Zarko Cabarkapa was carrying the Warriors at one point scoring all his 7points in a row. But the Player of the game for Warriors has to be Adonal Foyle who had HUGE blocks on Amare....but he did get dunked on twice. Anyways exciting game caught the end of it :clap: .


----------



## halfbreed (Jan 7, 2003)




----------



## halfbreed (Jan 7, 2003)

Pejavlade is the winner of the prediction game.

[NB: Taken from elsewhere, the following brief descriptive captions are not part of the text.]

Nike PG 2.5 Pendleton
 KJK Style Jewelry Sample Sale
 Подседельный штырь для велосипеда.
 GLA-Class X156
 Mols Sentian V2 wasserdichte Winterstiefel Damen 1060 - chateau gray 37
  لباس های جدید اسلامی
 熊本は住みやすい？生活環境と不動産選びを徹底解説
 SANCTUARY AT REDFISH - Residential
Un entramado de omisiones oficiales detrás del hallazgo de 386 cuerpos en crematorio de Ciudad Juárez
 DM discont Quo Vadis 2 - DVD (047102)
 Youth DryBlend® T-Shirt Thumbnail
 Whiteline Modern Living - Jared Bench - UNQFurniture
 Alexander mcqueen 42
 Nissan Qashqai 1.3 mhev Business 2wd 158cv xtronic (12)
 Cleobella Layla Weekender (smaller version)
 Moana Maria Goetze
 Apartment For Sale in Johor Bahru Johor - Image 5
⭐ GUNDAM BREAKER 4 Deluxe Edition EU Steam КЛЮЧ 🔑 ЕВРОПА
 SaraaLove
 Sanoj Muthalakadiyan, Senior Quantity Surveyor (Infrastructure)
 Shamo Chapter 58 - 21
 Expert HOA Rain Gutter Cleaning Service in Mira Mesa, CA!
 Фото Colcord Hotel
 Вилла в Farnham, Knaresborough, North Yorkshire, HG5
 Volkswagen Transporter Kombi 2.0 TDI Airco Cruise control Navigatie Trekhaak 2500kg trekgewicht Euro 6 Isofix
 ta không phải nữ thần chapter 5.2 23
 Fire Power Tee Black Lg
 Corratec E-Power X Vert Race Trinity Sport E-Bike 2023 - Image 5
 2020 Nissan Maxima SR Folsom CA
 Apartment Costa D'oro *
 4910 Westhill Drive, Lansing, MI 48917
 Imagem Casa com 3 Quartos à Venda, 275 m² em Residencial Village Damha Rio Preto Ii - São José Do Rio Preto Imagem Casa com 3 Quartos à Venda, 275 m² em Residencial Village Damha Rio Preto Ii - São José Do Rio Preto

I also gave 500 to bruindre for being almost as close as Pejavlade, but for being closer to the final score of the game.

Congrats all.


----------



## byrondarnell66 (Jul 18, 2004)

Man i wish they would show this team on Nat tv a little more, some exciting ball, maybe next year, good job :clap:


----------



## Pejavlade (Jul 10, 2004)

halfbreed said:


> Pejavlade is the winner of the prediction game.
> 
> I also gave 500 to bruindre for being almost as close as Pejavlade, but for being closer to the final score of the game.
> 
> Congrats all.



Thanks. Keep posting you're predictions in Kings fourms hopefully you will win.


----------



## DwyaneWade4MVP (Apr 1, 2004)

Amazing game, 18 - 35 from downtown, although Baron was 0 - 8!!! That's 7 in a row??


----------



## B Dizzle (Apr 3, 2004)

thats even 8 in a row, Dwyane! GREAT game, I think the best win of the season! BD just missed a tripple double, Dunleavy, JRich and Pietrus played amazing, Foyle was more than solid!


----------



## bruindre (Jul 18, 2004)

halfbreed said:


> Pejavlade is the winner of the prediction game.
> 
> I also gave 500 to bruindre for being almost as close as Pejavlade, but for being closer to the final score of the game.
> 
> Congrats all.


Thanks for the love, halfbreed. :cheers:


----------



## halfbreed (Jan 7, 2003)

Postgame Quotes 



> *Mike Montgomery*
> “Dunleavy's shot...kind of the nail at the end. He hits the two threes in a row. That's what people have been doing to us and now we jump up and hit some really nice inside/outside threes with the game on the line. That's what is pleasing."
> 
> "Stoudemire, he's something. But Adonal was not backing off trying to block shots and 17 boards. It was a pretty high level game. It was people playing out there and we hung in there with them."
> ...


----------



## halfbreed (Jan 7, 2003)




----------



## halfbreed (Jan 7, 2003)

Game Recap 



> OAKLAND, Calif. (AP) -- Jason Richardson and Mike Dunleavy still were wide-eyed in the locker room, still joking with each other and shaking their heads in disbelief.
> 
> The Golden State Warriors have been losers ever since the two players joined the NBA, so everything about this eight-game winning streak is new: the tempo, the accolades, the big shots that never seem to miss -- and the cheers from fans who are just as joyfully surprised as the players.
> 
> ...


----------



## jokeaward (May 22, 2003)

28-28-28 is special.


----------